What is compelling is actually being out there, doing battle royale nonsense in Fallout 76. Nuclear Winter comes alongside an update that tightens up the gunplay across all modes, and while shooting guns in Fallout games will never feel as tight as shooting guns in other games, it does feel better than it’s ever been—at least on PlayStation 4, where I played.

The map in Nuclear Winter is small, and you don’t drop onto it—rather, you pick from a set of about 20 spawn points on the map with your squad. You can’t see where anyone else is spawning, but you can see where your squadmates have chosen, and smart money is on spawning there with them.

Once the match is ready to begin, you can see everyone’s spawn point and get an idea of how crowded your start is going to be. It’s a bare-bones alternative to actually flying in, but I like it a lot.

Once you’re out there, you’ll gather gear from the usual lockers and bags in the wastes, but you’ll particularly want to look out for small, medium, and large supply crates, which always have a weapon and ammo of some sort, and usually have armour. Find one or two of them, and you’ll be kitted out enough to survive a scrape.

The peace of mind that comes with this loot system is nice, but it can be hard to find loot. There aren’t nearly as many lootable objects in Fallout 76 as there are in previous Fallout games, and many of its buildings are boarded up and inaccessible, which can leave you flailing in the open with nothing significant to defend yourself with.

There are creatures roaming the map, too. Not many, and most aren’t all that threatening—just the odd mirelurk or hound. Occasionally though, things will get extremely threatening, like when a Scorchbat arrives to mess you the hell up.

I played a few hours of Nuclear Winter and wanted to play more. Granted, my squad won our first match by being a bunch of vigilant cowards, and that did a lot to endear me to the game. But even as I had less successful matches (and one really thrilling match where my last squadmate and I beat the last remaining squad as a Scorchbat tried to blow us all to hell), I found Nuclear Winter to be a whole lot of fun, as cynical an addition as it may seem.
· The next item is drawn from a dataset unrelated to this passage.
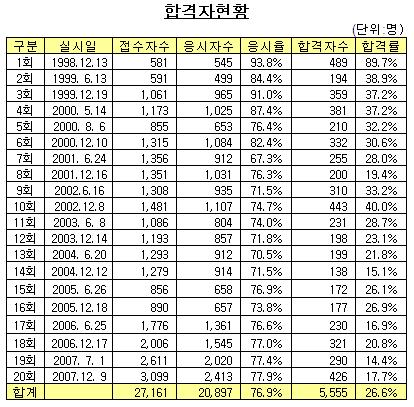 펀드매니저 되기 힘드네… 합격률 20% 안돼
Besides, Fallout 76 is an extremely cynical game already. It’s not narratively cynical, with its strangely optimistic story about resettling the post-apocalypse. But it takes everything Fallout games were sceptical of—the cheery optimism of the Greatest Generation, the extent to which we can actually “rebuild” a society that doesn’t merely repeat the flaws of the old one—and eschews them in favour of playing with all the kitschy iconography the series has accumulated.

Nuclear Winter is the logical end of this line of thinking: a premise that abandons all pretense of making the world safe for the reinstitution of civilisation and society and instead just lets us all kill each other, with nukes, even, if you can find them. (Just like in the base game!) It’s the antithesis of whatever shaky point 76 is trying to make about community. I can play it and enjoy myself, but that whiplash is always going to be there.

Nuclear Winter is another atonal note in the off-key symphony that is Fallout 76. What makes it stand out is how well it works right now as a “sneak peek.” Bethesda has not said when the full, finished version of Nuclear Winter will be available, or what will happen to the mode after the sneak peek window comes to a close next week.

It could be gone for a little while, or a long one. It could change a little, or a lot. As is, it’s surprisingly fun, and it’s a fascinating new chapter in Bethesda’s ongoing efforts to rework Fallout 76 in real time. Maybe war never changes, but this game sure does.